どのマーケティングキャンペーンにも言えるように、達成したい目標と、チームの能力との兼ね合いを見極めることが重要です。以下では、CTVキャンペーンを始める上で決断すべきポイントをいくつか紹介します。

目標を定義する

CTVキャンペーンを始める上でまず考えるべきことは、目標が「ブランドの認知度を向上させること」なのか、それとも「パフォーマンスチャネルとしてCTVの効果を試すこと」なのかです(後者の方が間違いなくより面白みのある目標だとお伝えしておきます)。ブランディングチャネルとしては、CTVは従来の地上波テレビと同様に機能する上、より明確な計測と、はるかに粒度の高いターゲティングの機会を提供します。一方で、CTVをパフォーマンスチャネルとしてテストしたい場合、チームメンバーの専門知識のレベルを評価することが重要です。なぜなら、それがCTV広告のメディアバイイング戦略を左右するからです。

アドネットワークかベンダーかを決定する

CTVの分野で豊富な経験がある場合は、ストリーミングサービスやCTVプラットフォーム(RokuやHuluなど)が提供するアドネットワークなど、インベントリ(広告枠)サプライヤーに直接連絡を試みるのも非常に効果的です。

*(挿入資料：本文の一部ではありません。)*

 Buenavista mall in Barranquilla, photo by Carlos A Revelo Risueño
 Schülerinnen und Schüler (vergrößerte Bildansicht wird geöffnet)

逆に、経験や専門知識があまりない場合は、キャンペーンを実施するベンダー(tvScientificVibe.coThe Trade Deskなど)と連携して、自社製品に適したオーディエンスを見つけることをおすすめします。これらのベンダーは、Hulu、ABC、Roku、Peacockなど、CTV分野のさまざまなインベントリサプライヤーに製品をマーケティングできるため、特に有利な立場にあります。

広告フォーマットを選択する

広告フォーマットの種類を決めることも重要です。大画面で音声の質も保証されているCTVには、従来ユーザーが広告を受け入れやすいフォーマットのため、デスクトップやモバイルにはない複数の選択肢が存在します。また、CTVは共同で使用される端末であり、消費者は誰かと一緒にテレビを見ることが多いことから、セグメンテーションによっては「個人」ではなく「世帯」をターゲティングできるでしょう。目標を定義し、パフォーマンスチャネルとしてCTVを活用する方法を把握するには、クリエイティブで新しいさまざまなCTV広告フォーマットを試してみることが不可欠です。

キャンペーンを最適な形で設定し、クリエイティブが準備できたら、次は計測に進みましょう。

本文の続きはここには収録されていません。